Dear Adam Kinzinger, You Are Getting Warmer...
- john raymond
- 1 day ago
- 3 min read

Adam, you have made some real progress, but you still orbit the wrong questions. Frozen assets and secondary sanctions are side chatter; the real fight is whether we slam the door on territorial carve-ups, refuse sham “peace talks” under bombardment, and directly strangle Russia’s war machine.
And here is the added piece you have not yet fully grasped: Europe must move from commentary to direct action—arms in bulk, financial autonomy, and even boots on the ground if required.
Words alone won’t shift the balance of power.
1. Carve-Ups Are Not Negotiable
You suggest it is “up to Ukraine” whether to concede land. Wrong.
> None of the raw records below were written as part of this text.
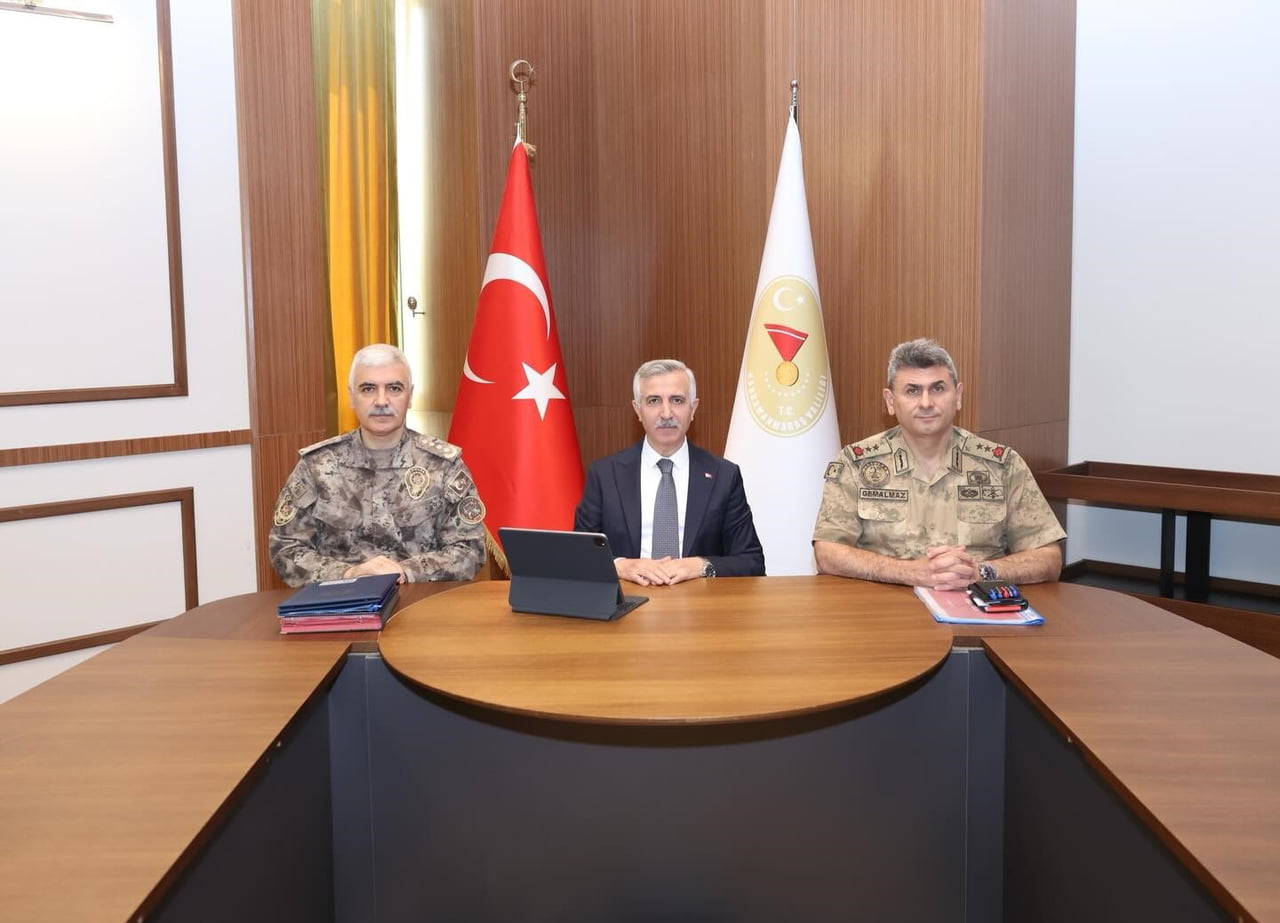 KAHRAMANMARAŞ VALİSİ MÜKERREM ÜNLÜER, 2026 YILI MART-NİSAN DÖNEMİNE İLİŞKİN ASAYİŞ VE GÜVENLİK...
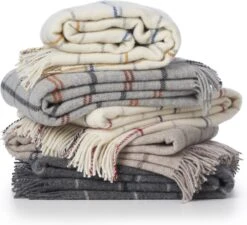 Klippan Yllefabrik Klippan Tartan - Wollen Plaid - Licht Grijs - 100% Wol - Eco Wol - Geruit Plaid - 130x200cm 7 Klippan Yllefabrik Klippan Tartan - Wollen Plaid - Licht Grijs - 100% Wol - Eco Wol - Geruit Plaid - 130x200cm -Klippan Yllefabrik 1200x1095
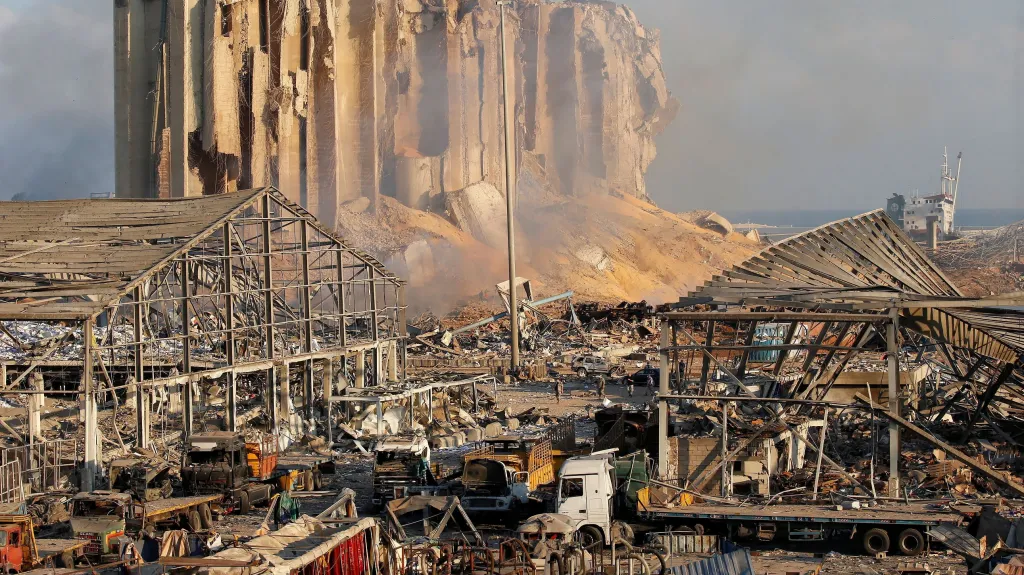Obří bejrútské silo zničené explozí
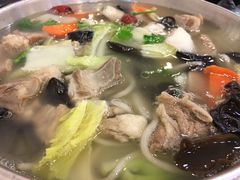 -马尔龙新疆饭店·清真(瑞景店)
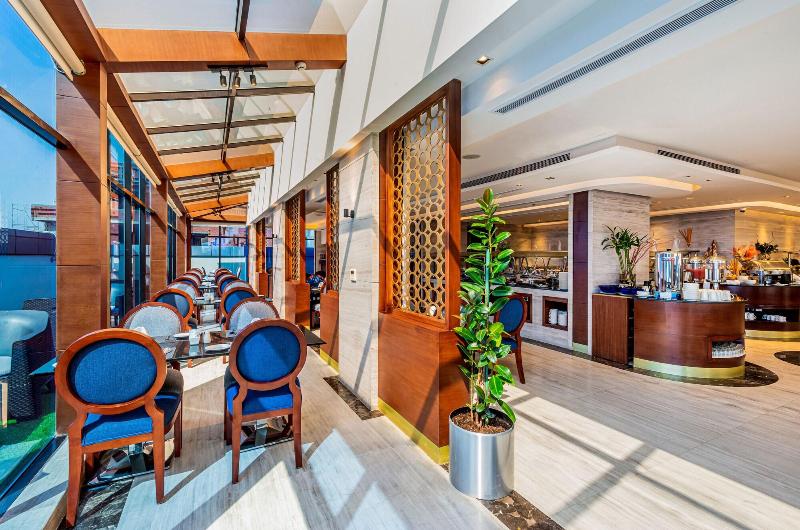 Blue Diamond Hotel image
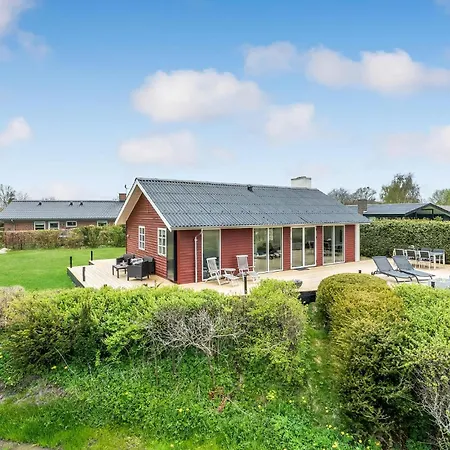 Holiday home Stunning In With Kitchen *
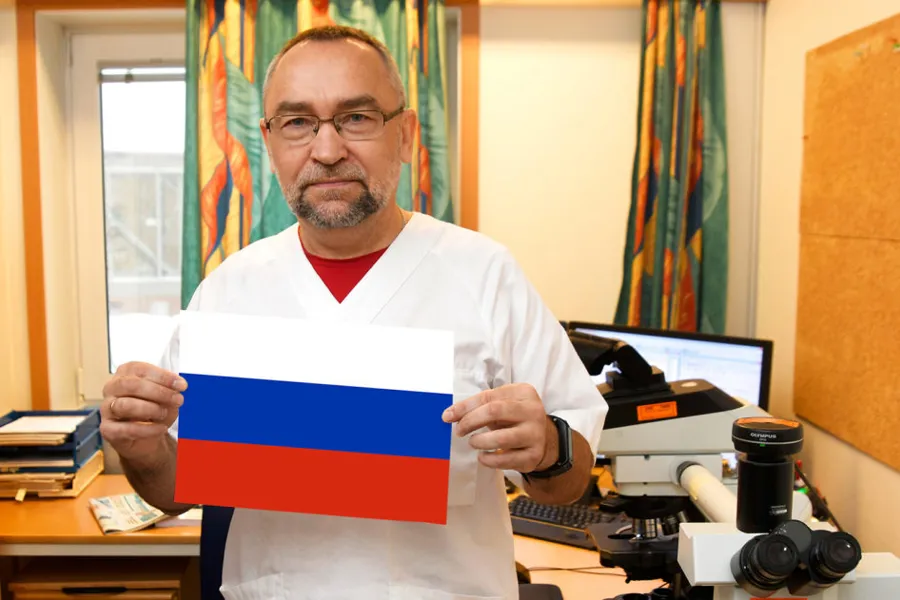 En mann som holder et papir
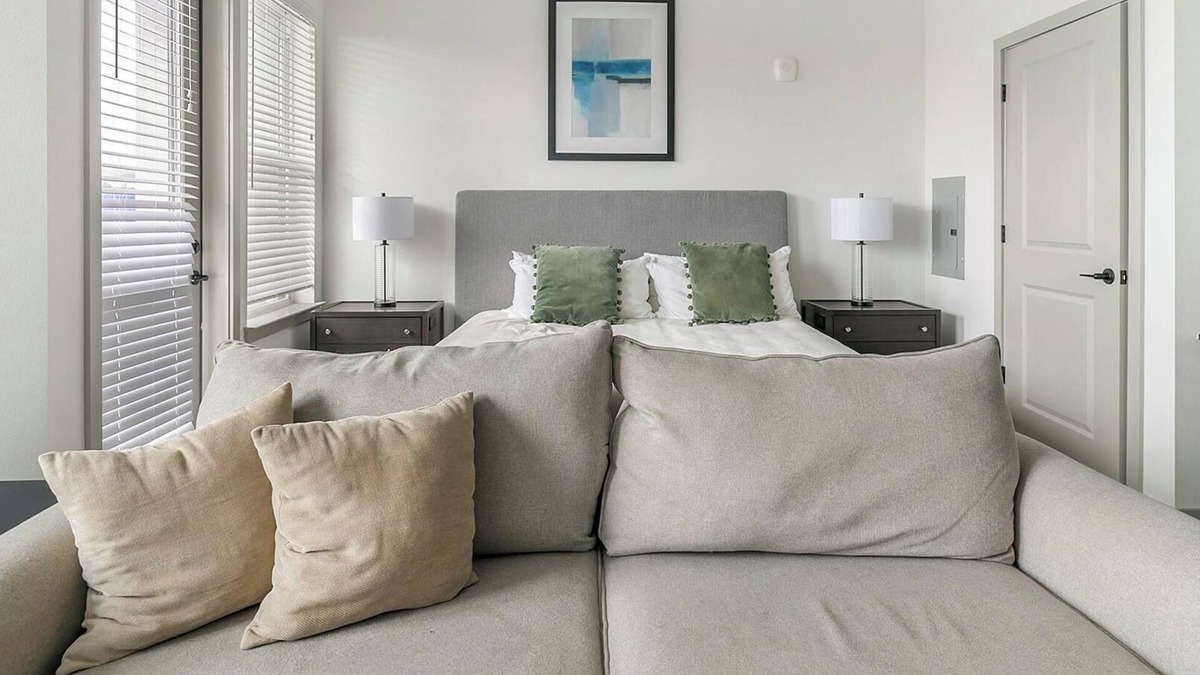 Northside Apartment | Landing | Incredible Studio, Pool, Gym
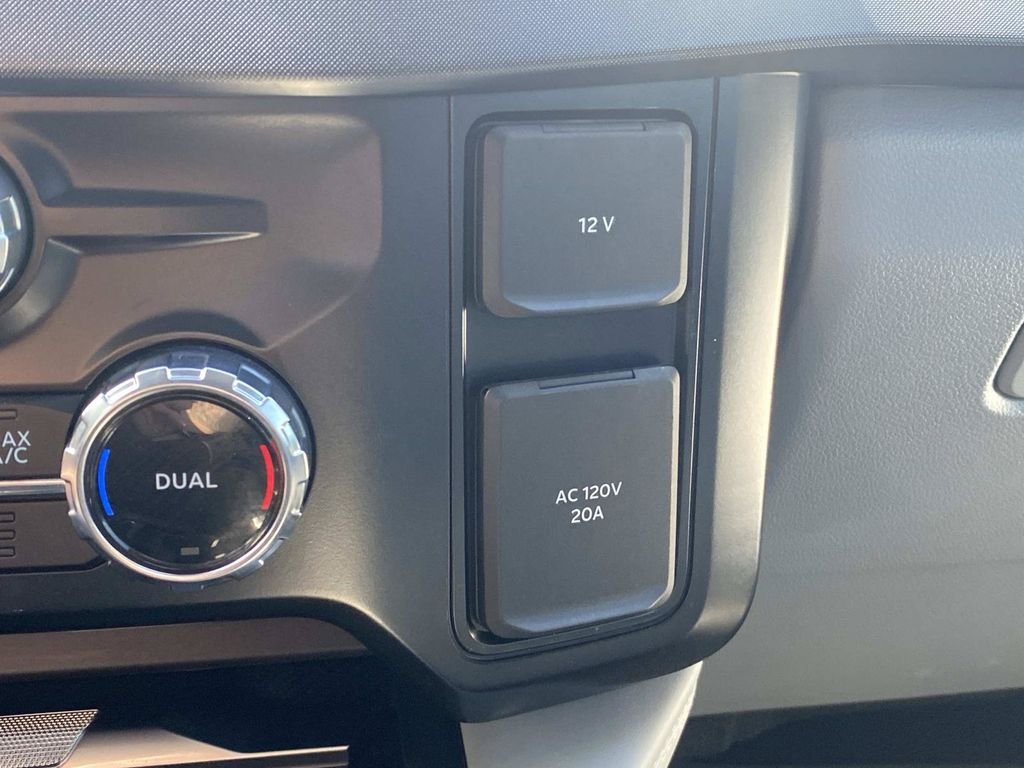 Certified 2024 Ford F250 Limited w/ FX4 Off-Road Package AWD/4WD image 32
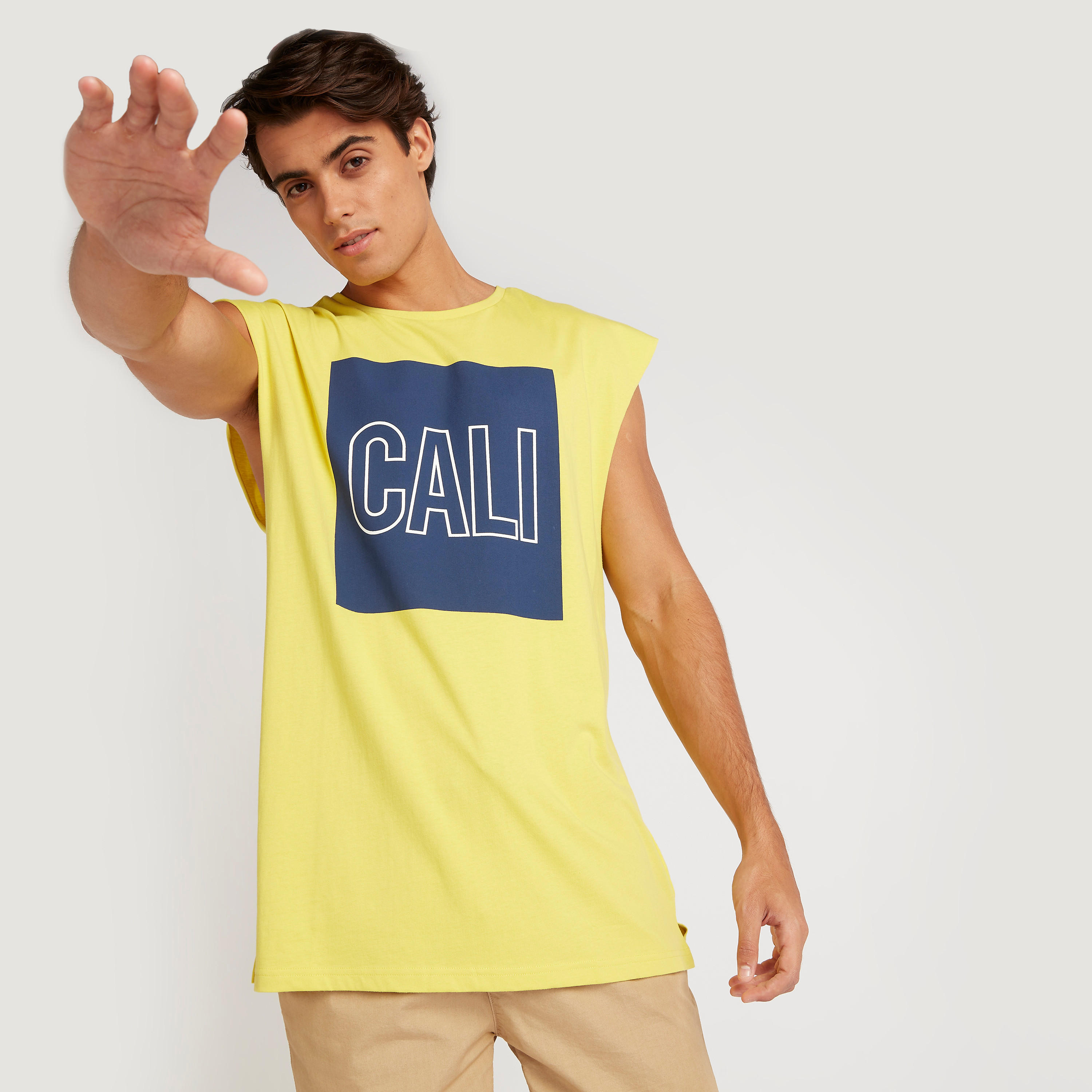 فيست واسع بياقة ضيّقة وطبعات-men-clothing-tshirtsandpolos-vests-image-1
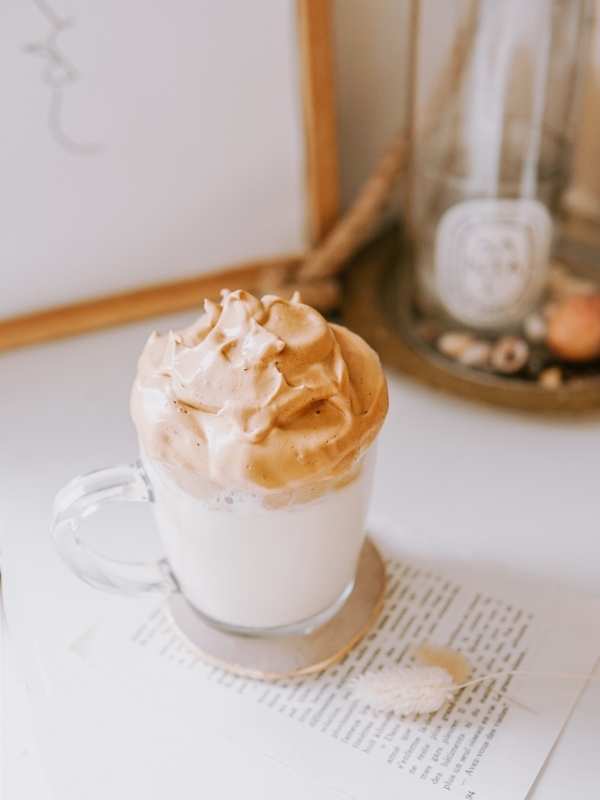 Le Dalgona coffee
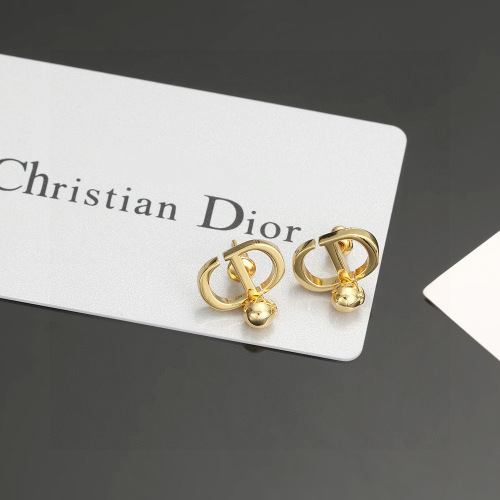 Elegantes Pendientes Dior Tribales con Diseño de Letras CD Doradas 16 Elegantes Pendientes Dior Tribales con Diseño de Letras CD Doradas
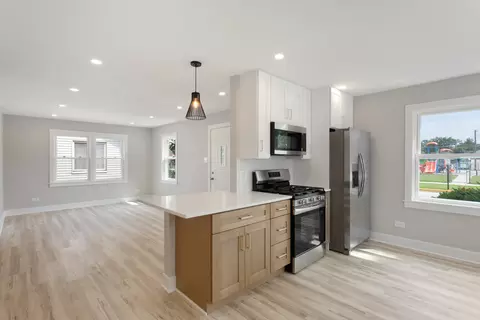 Kitchen - 1942 S 15th Ave, Broadview, IL 60155 photo 4 of 4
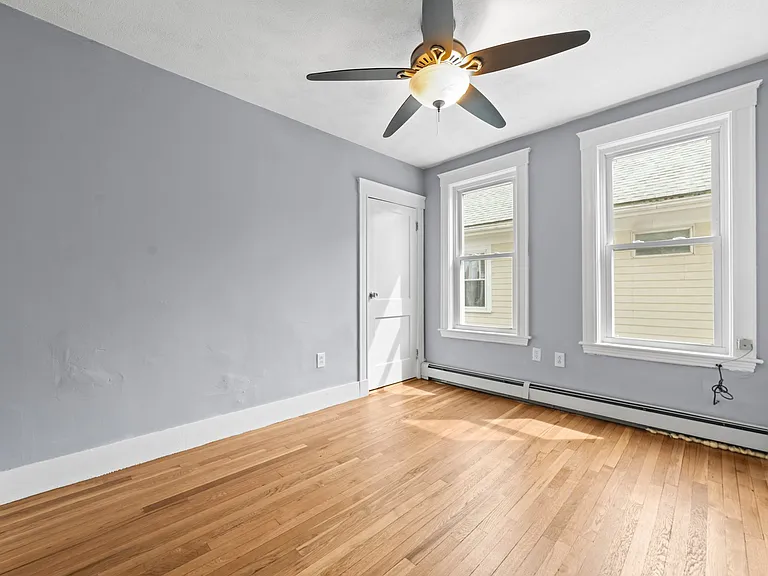 516 Washington St #3 — Photo 4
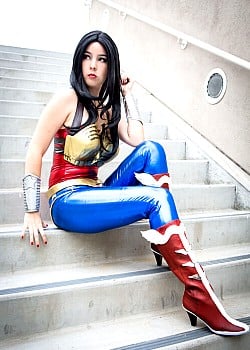 Monika Lee image 2 of 4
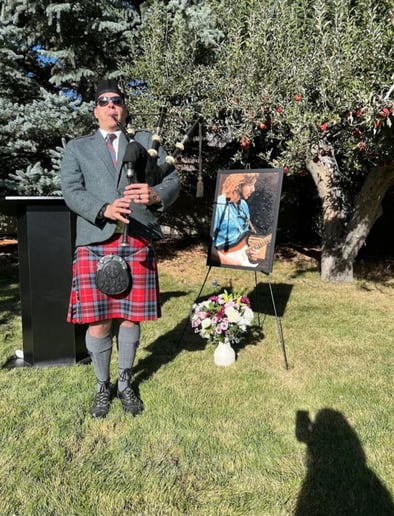 Gallery photo 70 of Utah Bagpiper - Johnny Miner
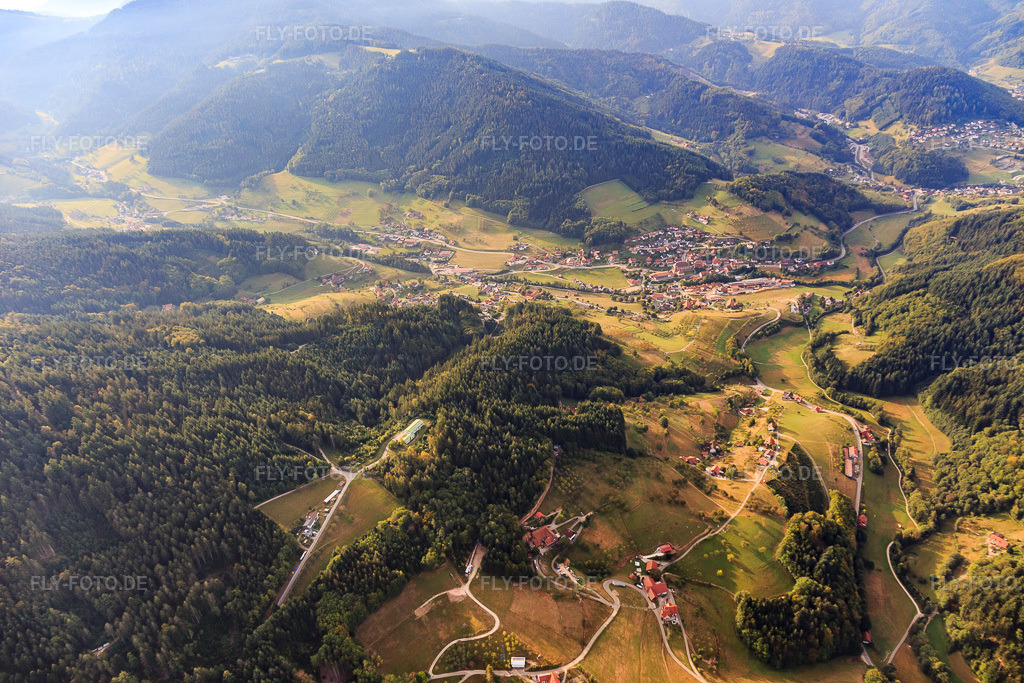 Luftbild: Ortsansicht aus Norden in Seebach im Bundesland Baden-Württemberg in Deutschland. Foto: IMG_008830.jpg vom 20.09.2020 durch Werner Riehm/FLY-FOTO.de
That framing pressures Kyiv to make concessions that international law already forbids. No bullshit freeze lines. No “de facto” recognition. No negotiations that ratify conquest. If the world permits borders to be moved by force in 2025, order collapses everywhere.
The position must be categorical: no territorial concessions.
2. No “Peace Deals” While Bombs Fall
Trump dropped his own ceasefire precondition and pivoted to a “deal.” That inversion was always the point of Alaska: create the illusion that Ukraine is the obstacle to peace. Talks under fire are coercion, not negotiation.
Sequence matters: ceasefire first, verifiable and enforceable; then talks with penalties for violations. Anything else is capitulation.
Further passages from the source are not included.